JPH0329621Y2 - - Google Patents

Description

[Detailed Description of the Invention] [Industrial Field of Application] This invention relates to a constant velocity universal joint used in a driving force transmission shaft of an automobile, etc.

[Conventional technology]

The present applicant has proposed a constant velocity universal joint that is easy to manufacture and can be formed by cold forging ball grooves without undercutting.
We are proposing this. As shown in FIG. 5, this constant velocity universal joint has a concave spherical surface 1a and a concave spherical surface 1a.
an outer joint member 1 having a plurality of ball grooves 1b provided in the outer joint member 1; a convex spherical surface 4a on the outer surface that is slidably fitted to the concave spherical surface 1a of the outer joint member 1; a concave spherical surface 4b on the inner surface; A cage 4 having the same number of ball pockets 4c as ball grooves 1b of the outer joint member 1 penetrating the inner surface, a convex spherical surface 2a that slidably fits into the concave spherical surface 4b of the cage 4, and an outer joint member 1 on the convex spherical surface 2a. An inner joint member 2 having the same number of ball grooves 2b as the ball grooves 1b of The center of curvature OR point and OR' point of the ball grooves 1b and 2b of both inner joint members 1 and 2 are opposite to each other by an equal distance in the axial direction from the center plane Y-Y of the joint on a line parallel to the joint axis X-X. and the amount of eccentricity is at least equal to the distance e from the center plane Y-Y of the joint to the end surface 1' of the outer joint member 1, and
The spherical center a of the outer and inner spherical surfaces 4a and 4b of the cage 4,
The outer and inner spherical surfaces 4a and 4b are eccentrically offset by the same dimension f in the axial direction with respect to the center O of the joint.
are engaged with the inner and outer spherical surfaces 1a and 2a of both the outer and inner joint members 1 and 2, thereby fixing the outer and inner joint members 1 and 2 to each other in the axial direction. , 2, that is, the center plane Y-Y of the joint.

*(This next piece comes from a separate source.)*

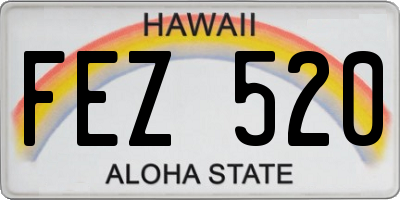 HI license plate FEZ520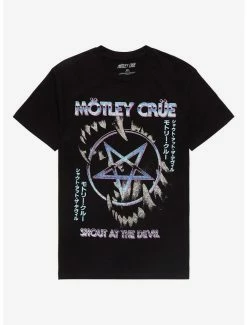 Promo 🔔 Motley Crue Shout At The Devil Kanji Boyfriend Fit 👧 Girls T-Shirt ✨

[The problem that the idea aims to solve]

By the way, in this type of constant velocity universal joint, when both the outer and inner joint members 1 and 2 take a large operating angle α as shown in FIG. 6, the ball located on the opening side of the outer joint member 1 3 is held by the ball groove 1b of the outer joint member 1 whose center of curvature is the OR ₁ point, and the ball groove 2b of the inner joint member 2 whose curvature center is the OR ₁ ' point, and torsional torque is applied to the joint. Then, a normal force is applied to the ball 3 from the ball groove 1b of the outer joint member 1 and the ball groove 2b of the inner joint member 2, respectively, and the resultant force _F1 acts on the cage 4. on the other hand,
The ball 3 located at the bottom side of the outer joint member 1 is
The ball is held by the ball groove 1b of the outer joint member 1 whose center of curvature is at the OR ₂ point and the ball groove 2b of the inner joint member 2 whose center of curvature is at the OR ² ' point, and when torsional torque is applied to the joint, the ball A normal force is applied to the cage 3 from the ball groove 1b of the outer joint member 1 and the ball groove 2b of the inner joint member 2, respectively, and the resultant force _F2 acts on the cage 4.

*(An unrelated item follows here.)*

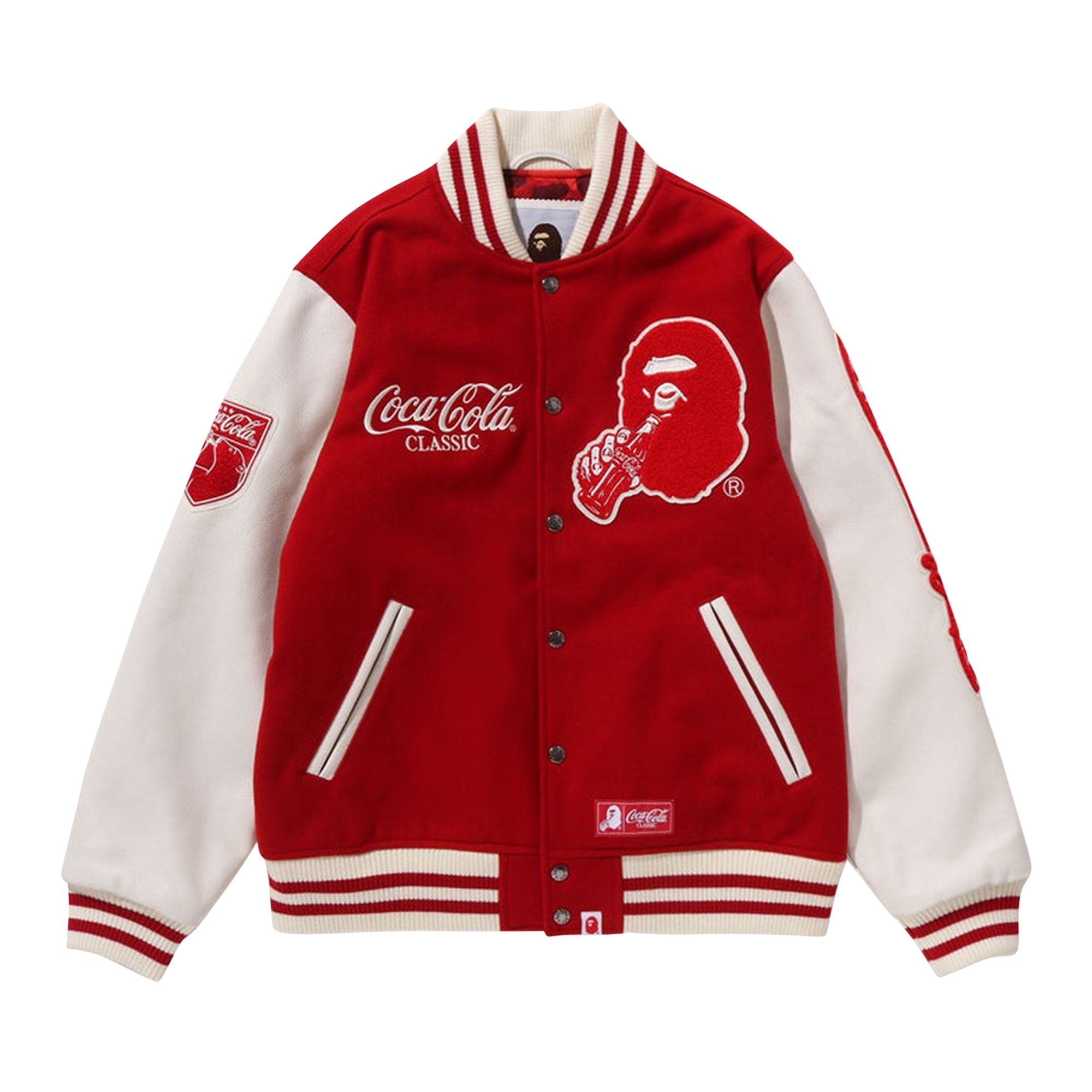 Университетская куртка BAPE x Coca-Cola, красная футболка bape x coca cola ape head красная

However, since the directions of the resultant force F 1 generated on the ball ₃ located on the opening side of the outer joint member 1 and the resultant force F ₂ generated on the ball 3 located on the deep side of the outer joint member 1 are opposite, the cage 4 is rotated. As the moment acts and the rotational moment acting on the cage 4 increases, the ball 3 moves toward the joint center plane Y-
To avoid deviation from Y, the frictional force acting between the concave spherical surface 1a of the outer joint member 1 and the convex spherical surface 4a of the cage 4 and between the convex spherical surface 2a of the inner joint member 2 and the concave spherical surface 4b of the cage 4 increases. This has the disadvantage of generating heat.

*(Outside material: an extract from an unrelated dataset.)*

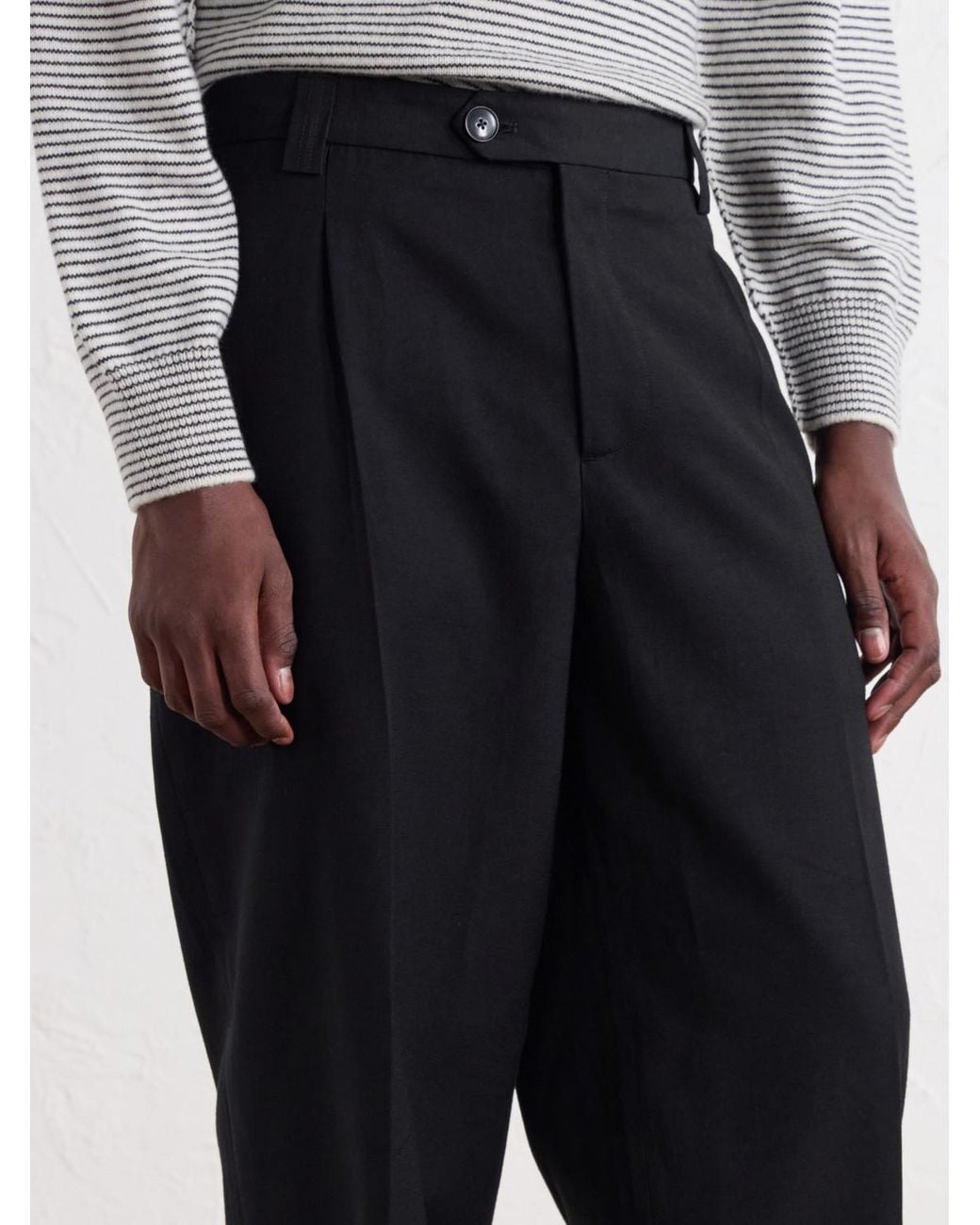 mfpen Blue Service Straight-Leg Cotton-Blend Hopsack Trousers for men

In addition, the rotational moment acting on the cage 4 is
A load is applied to the other balls 3, and the contact force between the balls 3 and the ball grooves 1b, 2b of both the outer and inner joint members 1, 2 increases, resulting in a disadvantage that durability is reduced.

This invention aims to provide a constant velocity universal joint that allows easy machining of ball grooves, suppresses heat generation during operation, and provides a long service life.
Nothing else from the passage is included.